See In re DCP Operating Co., No. 07-18-00416-CV, 2019 WL 1908147, *4 (Tex. App.-Amarillo Apr. 29, 2019, no pet.) (mem. op.) (finding that the plaintiff did not waive his objection to collateral source evidence when he did not indicate he received any funds or payments from a collateral source as compensation for his losses).
We are unpersuaded by appellees' argument that no reversible error could occur because Villalobos "introduced evidence of the collateral source over and over again." "It is a longstanding rule that a party may not complain on appeal that the opposing side's evidence was improperly admitted if the party introduced the same or similar evidence first." Merrill v. Sprint Waste Servs. LP, 527 S.W.3d 663, 668 (Tex. App.-Dallas 2017, no pet.) (citing Harris Cnty. Flood Control Dist. v. Taub, 502 S.W.3d 320, 326 (Tex. App.-Houston [14th Dist.] 2016, pet. denied). "Once the opposing party has referred to the contested evidence, however, the party objecting to the evidence, without waiving his objection, may thereafter 'defend [him]self by explaining, rebutting, or demonstrating the untruthfulness.'" Id. (quoting Taub, 502 S.W.3d at 327). Thus, our conclusion that Villalobos failed to preserve error on his objection to the admission of evidence of his workers' compensation benefits is not based on Villalobos's own questioning about that topic after the trial court overruled Villalobos's initial objection and is instead based on Villalobos's failure to continue to object to evidence of Villalobos's workers' compensation benefits each time appellees asked about it, when he had not secured a running objection on that topic from the trial court.

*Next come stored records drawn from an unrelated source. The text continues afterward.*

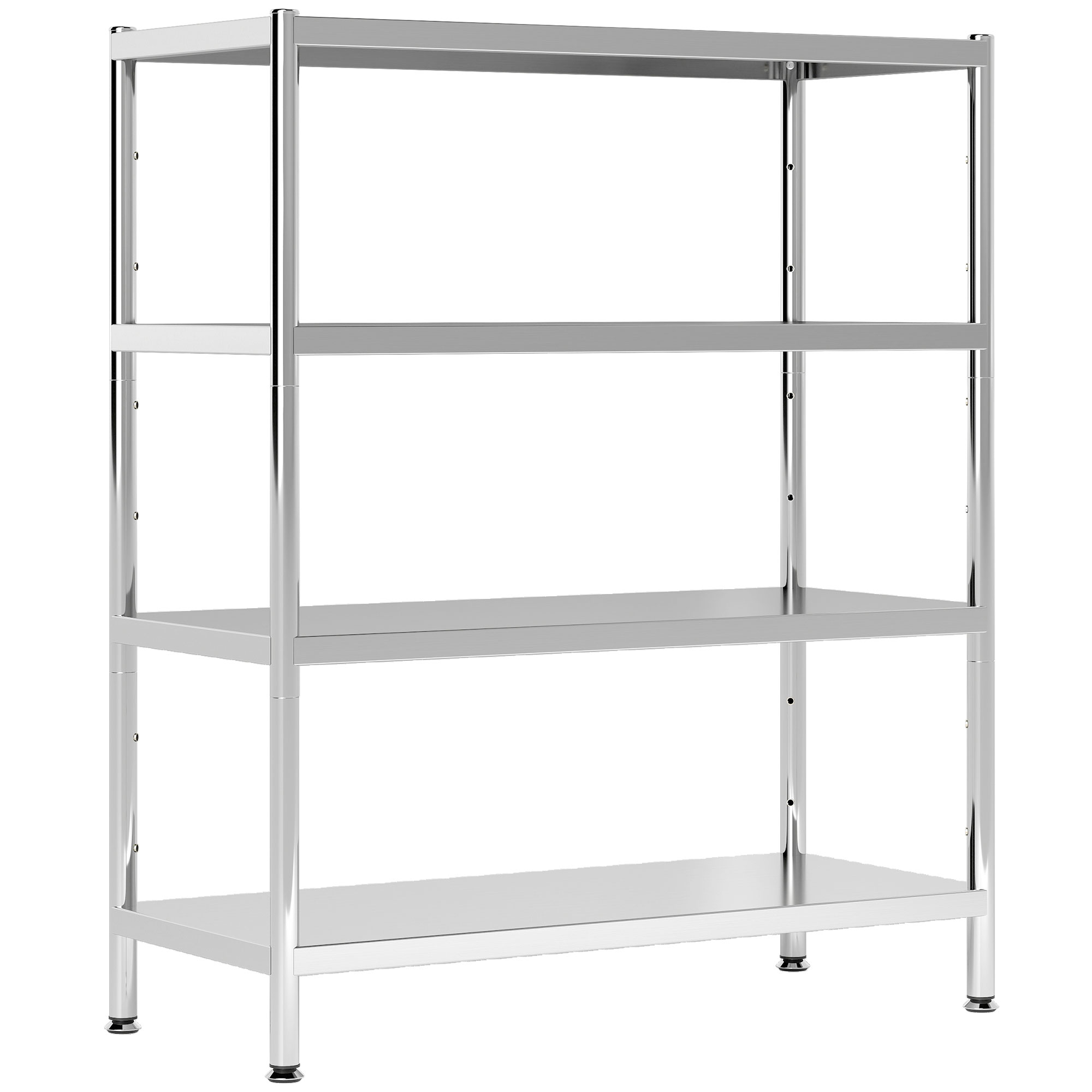 4-Tier Stainless Steel Rack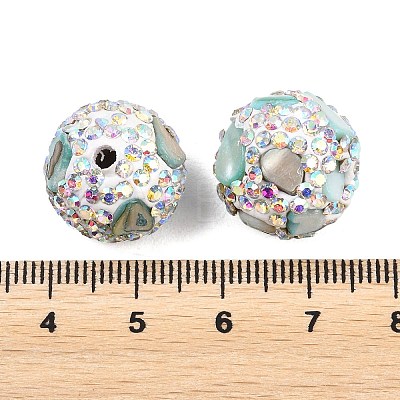 Handmade Polymer Clay Rhinestone Beads CLAY-H009-03-1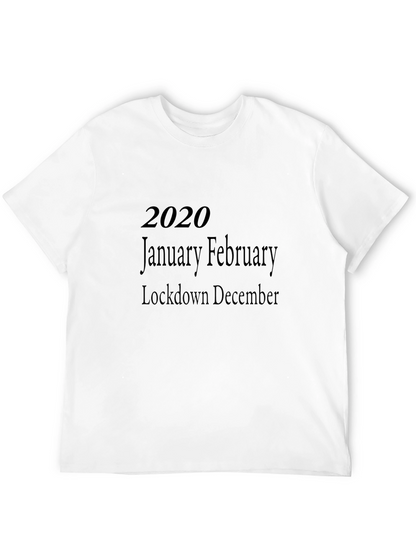 2020 Lockdown Memory Black T-Shirt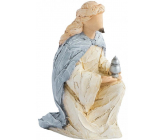 Arora Design Tři králové Myrha jeden ze tří králů klečících u betlému s myrhou Figurka z pryskyřice 15,5 cm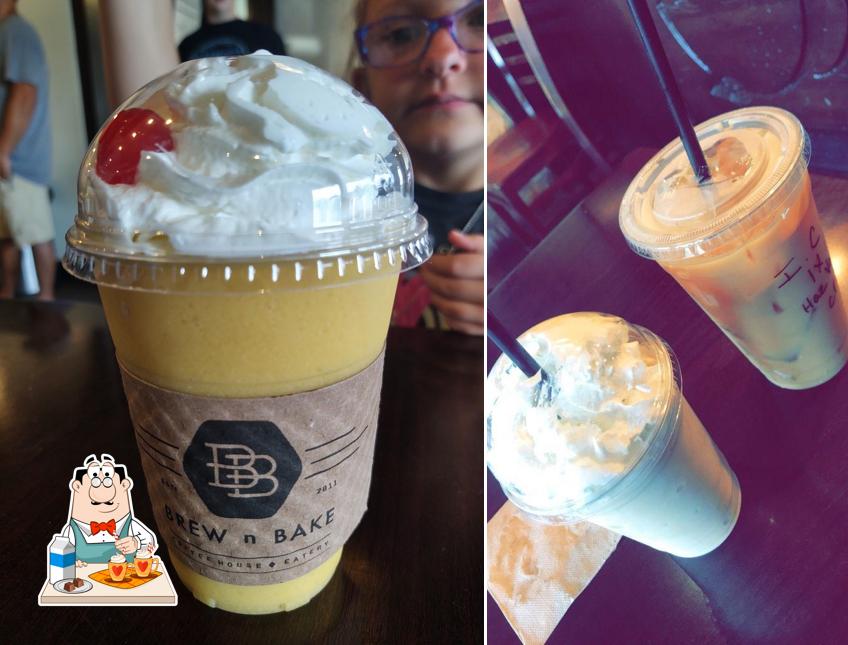 Enjoy a drink at Brew N Bake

As to appellants' remaining complaint regarding appellees' question about appellants' counsel's alleged entitlement to attorneys' fees under the Texas Labor Code, the related curative instruction, and denial of appellants' motion for mistrial, even if we assume the trial court erred, we cannot conclude, based on the record before us, the error regarding the question about appellants' counsel's alleged entitlement to attorneys' fees under the Texas Labor Code probably caused the rendition of an improper judgment. See Tex. R. App. P. 44.1(a).
We overrule appellants' second issue.
V. Conclusion
We affirm the trial court's judgment.
JUDGMENT
In accordance with this Court's opinion of this date, the judgment of the trial court is AFFIRMED.
It is ORDERED that appellee ROBERT TVRS; TEXAS STAR COMMERCIAL MAINTENANCE, INC. recover their costs of this appeal from appellant ESTEBAN VILLALOBOS AND ROSALINDA ELIZONDO.